Falls leading to deaths among senior Americans are increasing

Recent research among older Americans dying from falls show that the numbers are increasing. When older Americans fall it most often results in injury to the brain and hip fractures which often leads to death. And the numbers  in deaths due to a fall have tripled. Records show that over 25,000 deaths from falls occur annually.

Another study of older people in America encourage the importance of improving muscle strength and balance to prevent falls.

Both studies show that fall prevention is very important to the lives of our older citizens. And both studies were published recently in the Journal of the American Medical Association (JAMA).

The data gathered did not include circumstances for the falls but revealed that brain injuries and hip fractures lead to the high rise in health decline which in turn leads to the cause of death in older people who fall.

Elizabeth Burns, who is a study co-author and health scientist at the U.S. Centers for Disease Control and Prevention’s (CDC) injury center, gives reasons for this increase in deaths from falls: older people are living longer; they’re living independently longer; and living with chronic health conditions longer.

Burns also says that some of the medications that older adults are taking can influence their tendency towards falling.

The first study conducted looked at data gathered over a 16 year period for adults 75 years old. The increase in fatal falls from 2000 to 2016 is shocking. The count rose from 8,600 to 25,190. Almost a 16,600 increase – over a thousand deaths per year averaged out. And in 2017 it did not get any better with an increase of over 1250 deaths from falls.

Fall prevention needs to be promoted among older Americans, and this is also reflected in data compiled for older people in the Netherlands and cross Europe.

The study encouraging fall prevention showed that three different types of exercising helped to reduce the risks of falling. Exercises that strengthen muscles are important in reducing the likelihood of falling such as  weight-bearing, balance and resistance exercises.

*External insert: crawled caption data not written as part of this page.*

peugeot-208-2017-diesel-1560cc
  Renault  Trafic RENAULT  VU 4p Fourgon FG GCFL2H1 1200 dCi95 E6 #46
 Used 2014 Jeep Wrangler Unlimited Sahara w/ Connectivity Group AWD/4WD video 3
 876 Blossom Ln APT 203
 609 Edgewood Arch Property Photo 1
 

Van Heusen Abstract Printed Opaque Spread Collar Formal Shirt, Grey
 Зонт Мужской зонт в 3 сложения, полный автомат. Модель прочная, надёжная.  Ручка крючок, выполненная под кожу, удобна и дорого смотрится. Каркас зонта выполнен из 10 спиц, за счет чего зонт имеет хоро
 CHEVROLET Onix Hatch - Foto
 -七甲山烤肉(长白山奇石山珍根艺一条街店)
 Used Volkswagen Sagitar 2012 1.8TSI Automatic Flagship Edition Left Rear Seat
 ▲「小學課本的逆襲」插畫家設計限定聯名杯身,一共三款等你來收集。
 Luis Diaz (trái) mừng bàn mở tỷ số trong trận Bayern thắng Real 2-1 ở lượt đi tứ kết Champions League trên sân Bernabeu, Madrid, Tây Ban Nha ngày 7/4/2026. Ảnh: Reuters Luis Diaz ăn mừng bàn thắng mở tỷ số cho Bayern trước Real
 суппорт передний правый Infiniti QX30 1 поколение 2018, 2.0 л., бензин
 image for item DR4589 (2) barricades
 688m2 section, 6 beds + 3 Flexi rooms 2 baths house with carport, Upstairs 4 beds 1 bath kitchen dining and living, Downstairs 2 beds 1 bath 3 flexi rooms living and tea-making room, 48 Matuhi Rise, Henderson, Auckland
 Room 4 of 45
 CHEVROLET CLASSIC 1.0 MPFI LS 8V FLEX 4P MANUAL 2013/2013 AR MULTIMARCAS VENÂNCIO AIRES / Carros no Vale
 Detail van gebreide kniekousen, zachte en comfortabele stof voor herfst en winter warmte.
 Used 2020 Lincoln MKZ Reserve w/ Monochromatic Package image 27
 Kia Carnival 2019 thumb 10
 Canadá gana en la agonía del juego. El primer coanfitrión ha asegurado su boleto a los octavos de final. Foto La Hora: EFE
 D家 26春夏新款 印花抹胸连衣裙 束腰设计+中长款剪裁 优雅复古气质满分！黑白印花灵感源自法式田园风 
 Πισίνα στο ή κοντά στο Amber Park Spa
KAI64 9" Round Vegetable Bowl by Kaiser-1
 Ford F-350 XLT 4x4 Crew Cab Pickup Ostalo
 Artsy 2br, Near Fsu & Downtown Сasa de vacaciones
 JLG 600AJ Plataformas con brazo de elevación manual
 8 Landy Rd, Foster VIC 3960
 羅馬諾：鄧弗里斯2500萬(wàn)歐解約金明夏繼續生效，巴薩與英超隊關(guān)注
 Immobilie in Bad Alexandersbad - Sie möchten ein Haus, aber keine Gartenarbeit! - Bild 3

The exercise program in the second study involved exercising at home for a year three times a week for half of the participants. The other half just had usual care. Those who participated in an exercise program had the guidance of a physical therapist for five sessions. The daily exercises included leg lifts while seated and standing, knee bends, and walking backwards. The program also included walking half an hour three times a week. There was a marked difference in those who exercised and those who didn’t. There were over 130 more falls in the group who did not exercise.

Dr. Marco Pahor who is with the University of Florida’s aging and geriatric research department, wrote an accompanying journal editorial for the second study, and he said that many communities offer fall prevention programs at senior centers and that senior American adults can go to the National Council on Aging online which offers tips.